The data Start Marker

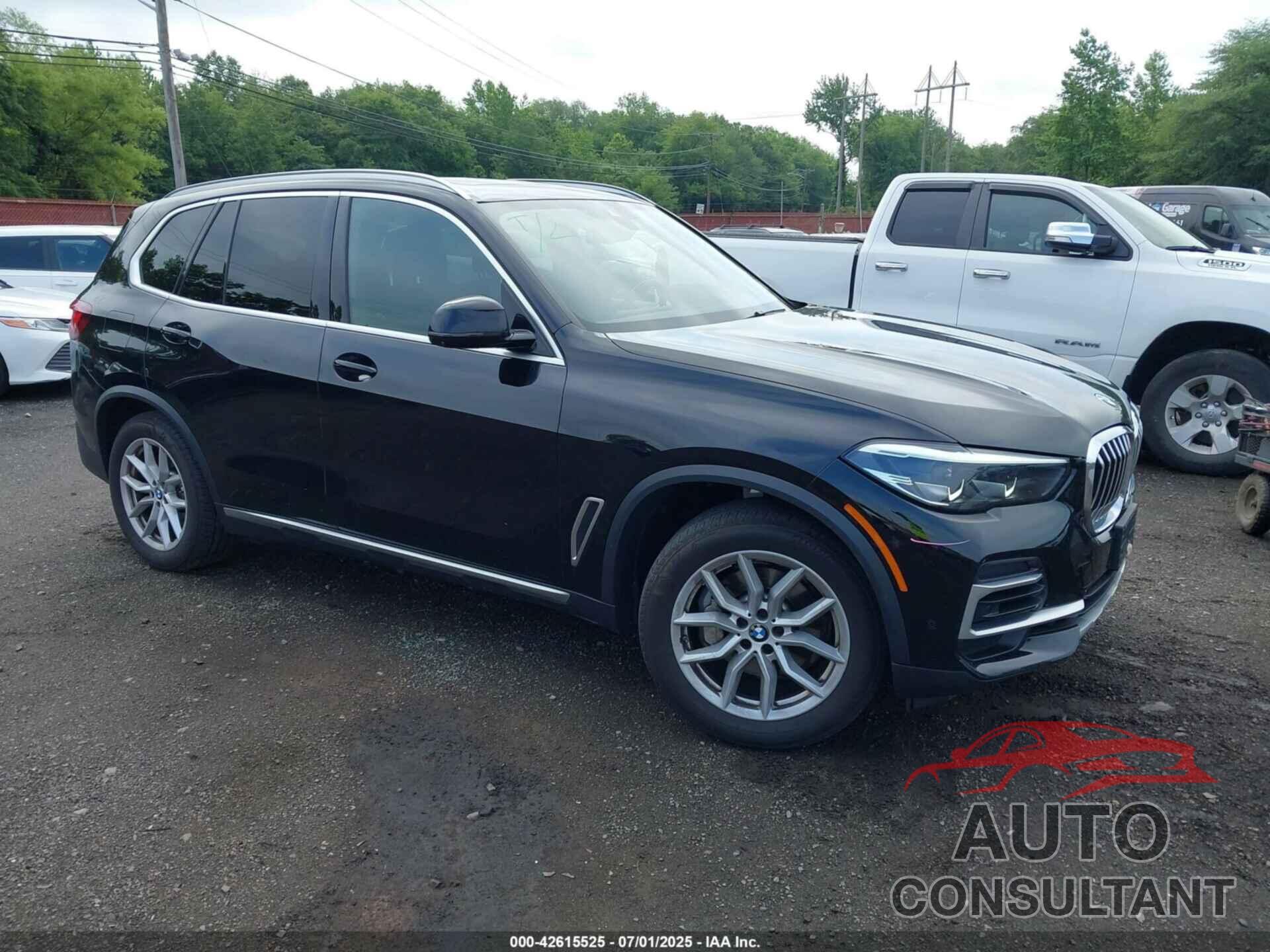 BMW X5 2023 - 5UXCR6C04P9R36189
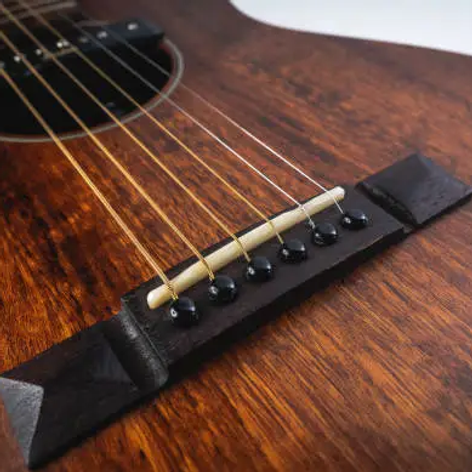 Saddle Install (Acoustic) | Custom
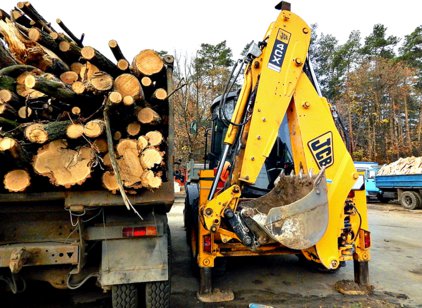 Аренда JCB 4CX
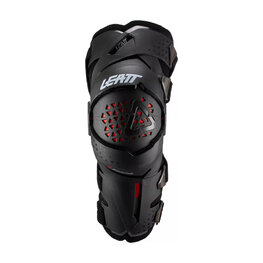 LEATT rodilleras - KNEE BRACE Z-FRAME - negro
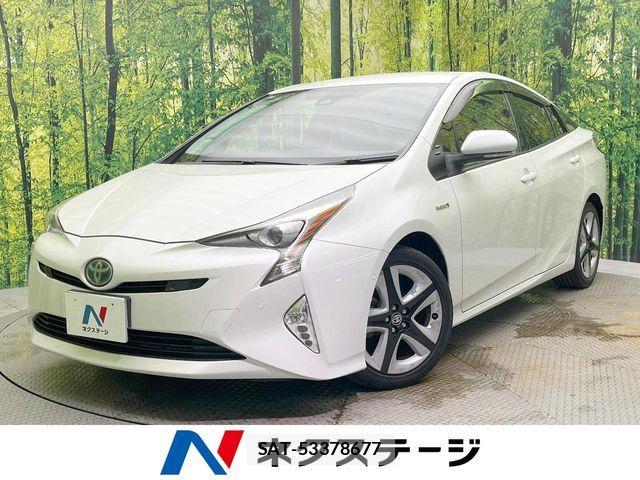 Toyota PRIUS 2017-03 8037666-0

The data End Marker

• Instructions to follow: Copy the preceding data in full and word for word, dropping its pictures.

• Problem solution:
 BMW X5 2023 - 5UXCR6C04P9R36189
 Saddle Install (Acoustic) | Custom
 Аренда JCB 4CX
 LEATT rodilleras - KNEE BRACE Z-FRAME - negro
 Toyota PRIUS 2017-03 8037666-0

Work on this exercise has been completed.